Making the right signs - important!

For all hitch-hikes I use strong, well-made signs with the notional destination in thick black lettering on white paper on a piece of hardboard, with another sign the other way up on the other side, the lot sealed in with self-adhesive transparent film. These boards are of a shape and size which fits very conveniently inside the back of my rucksack (protected also by an old plastic carrier bag) so that they don't get bent or otherwise damaged while not in use. See here for notes on hitch-hiking between Exeter and far Cornwall.


Being a healer adds a whole new dimension...

Since I became a healer in late 1998 I have found that as many as half of all the people who pick me up during the hitch-hikes have some (often initially unaware) requirement for some sort of input from me as a healer, or are that way inclined themselves. Occasionally I give a brief hands-on healing session before we part. Very often it's people who are healers themselves and don't know it* - in which case it's usually my task to tell them and give a little basic guidance as to how they might follow that up if they wish to. Quite often there are clear signs of a driver having had very strong deep intuition in his/her impulse to stop for me.

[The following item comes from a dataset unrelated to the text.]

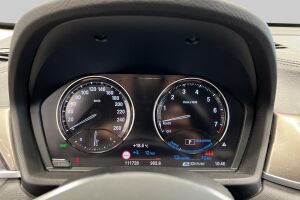 BMW X1 esikatselu 14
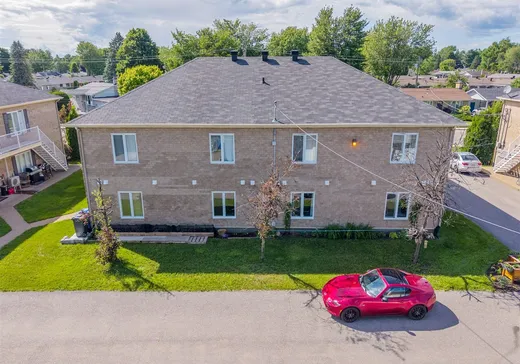 4-Plex à vendre - 144-150 Rue du Parc, Trois-Rivières, G8T 0A2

Virtually always, when a motorist tells me that (s)he rarely or never has picked up a hitch-hiker before, there turns out to have been a quite pressing appropriateness of the encounter, and some sort of unusual subtle perception combined with deep intuition (what some would refer to as 'guidance') is strongly implicated.

* For more information please see "Am I a Healer?"

So you see, my outings keep me open to all sorts of wonderful and inspiring encounters that involve positive change in people's lives, including my own.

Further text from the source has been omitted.